**Activity:** Each line of the listing, apart from the pictures, is to be printed exactly.

Data section Block Start

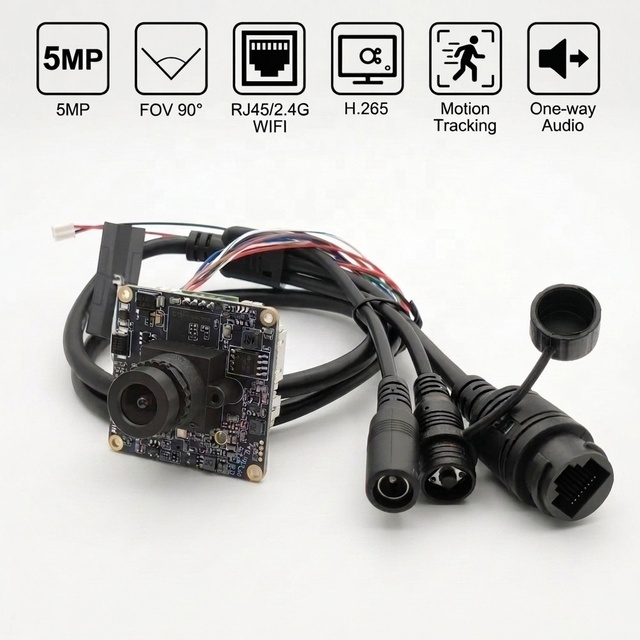 Camhi Camhipro Diy Home Security 5MP H.265 RTSP FTP P2P 38x38mm Built-in Mic Wide-Angle WiFi IP Camera Module SD Card Slot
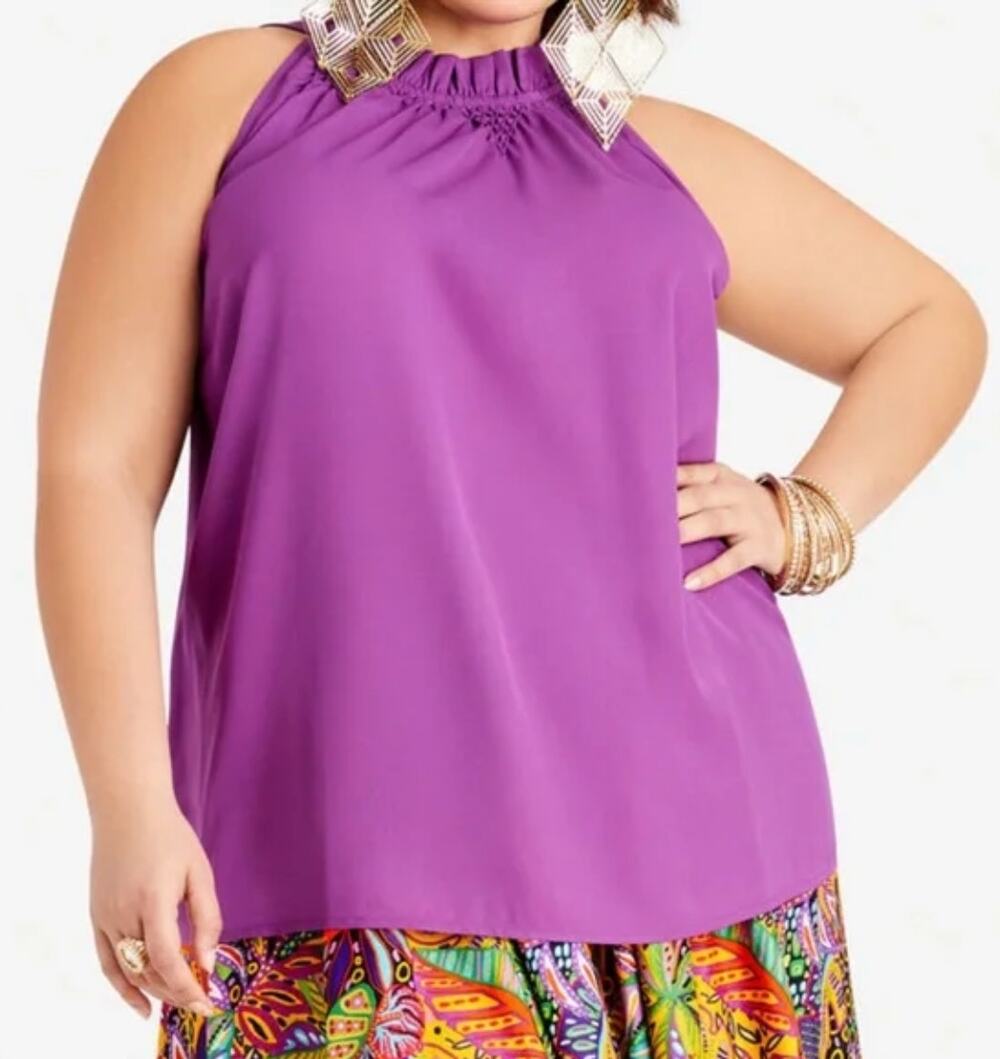 2/$15 NWT Ashley Stewart Smocked Neck Top Purple Magic 0X Plus Size 10/12
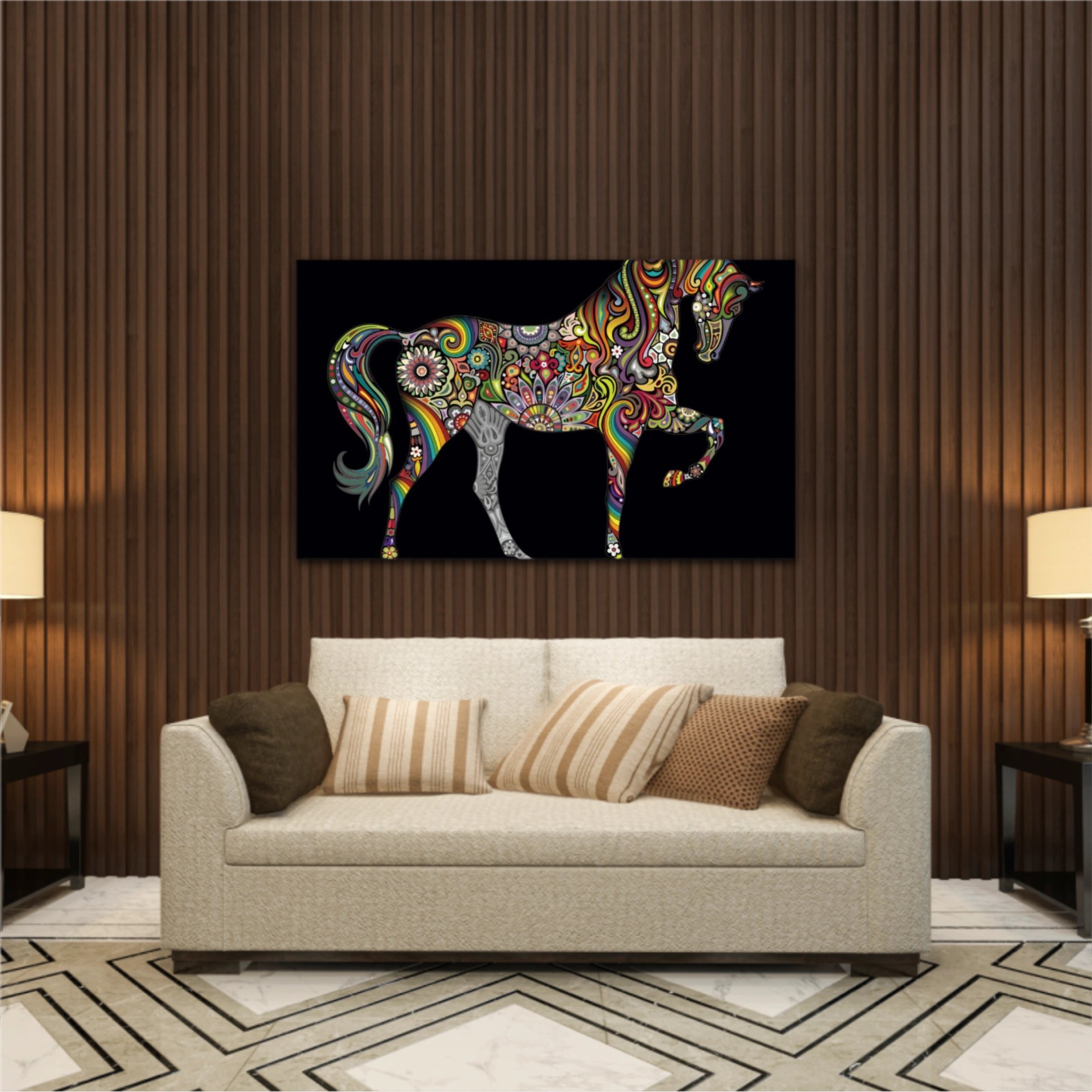 Cai colorat horse colorate abstract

Data section Block End

**Response:**
 Camhi Camhipro Diy Home Security 5MP H.265 RTSP FTP P2P 38x38mm Built-in Mic Wide-Angle WiFi IP Camera Module SD Card Slot
 2/$15 NWT Ashley Stewart Smocked Neck Top Purple Magic 0X Plus Size 10/12
 Cai colorat horse colorate abstract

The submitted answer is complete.